__Exercise prompt__: Scan the entries below and state how many lines contain "landscape". No other output.

__Data section__:
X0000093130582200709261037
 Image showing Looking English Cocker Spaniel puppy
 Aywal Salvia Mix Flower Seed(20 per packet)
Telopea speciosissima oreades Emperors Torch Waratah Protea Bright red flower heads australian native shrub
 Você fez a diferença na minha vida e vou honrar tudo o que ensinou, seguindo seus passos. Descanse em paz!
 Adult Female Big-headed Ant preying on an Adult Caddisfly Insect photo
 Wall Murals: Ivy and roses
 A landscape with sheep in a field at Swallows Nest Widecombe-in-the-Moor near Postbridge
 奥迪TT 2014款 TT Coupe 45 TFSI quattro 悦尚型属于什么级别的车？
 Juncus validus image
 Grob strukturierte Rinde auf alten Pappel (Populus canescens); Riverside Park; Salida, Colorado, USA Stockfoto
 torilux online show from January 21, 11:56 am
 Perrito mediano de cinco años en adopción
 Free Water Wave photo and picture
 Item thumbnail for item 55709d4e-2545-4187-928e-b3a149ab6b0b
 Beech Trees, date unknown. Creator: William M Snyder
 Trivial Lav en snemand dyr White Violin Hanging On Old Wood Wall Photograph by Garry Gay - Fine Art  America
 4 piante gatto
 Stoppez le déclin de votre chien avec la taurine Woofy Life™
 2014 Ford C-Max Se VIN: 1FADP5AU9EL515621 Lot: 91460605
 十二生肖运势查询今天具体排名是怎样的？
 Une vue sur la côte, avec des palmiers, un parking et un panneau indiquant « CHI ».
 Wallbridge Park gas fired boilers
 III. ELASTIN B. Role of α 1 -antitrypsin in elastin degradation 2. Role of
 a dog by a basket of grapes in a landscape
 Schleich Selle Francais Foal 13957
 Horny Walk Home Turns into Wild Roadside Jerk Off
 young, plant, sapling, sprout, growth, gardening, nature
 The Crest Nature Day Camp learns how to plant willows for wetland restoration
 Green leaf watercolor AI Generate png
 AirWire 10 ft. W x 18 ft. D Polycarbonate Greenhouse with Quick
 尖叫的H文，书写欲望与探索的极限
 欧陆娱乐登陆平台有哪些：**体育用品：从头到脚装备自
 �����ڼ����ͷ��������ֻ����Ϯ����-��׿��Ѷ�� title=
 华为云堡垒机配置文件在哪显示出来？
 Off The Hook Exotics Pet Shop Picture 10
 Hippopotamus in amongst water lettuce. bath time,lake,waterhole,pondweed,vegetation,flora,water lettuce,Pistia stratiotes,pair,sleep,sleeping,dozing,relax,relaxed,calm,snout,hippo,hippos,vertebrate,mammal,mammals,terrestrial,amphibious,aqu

__Exercise output__: 2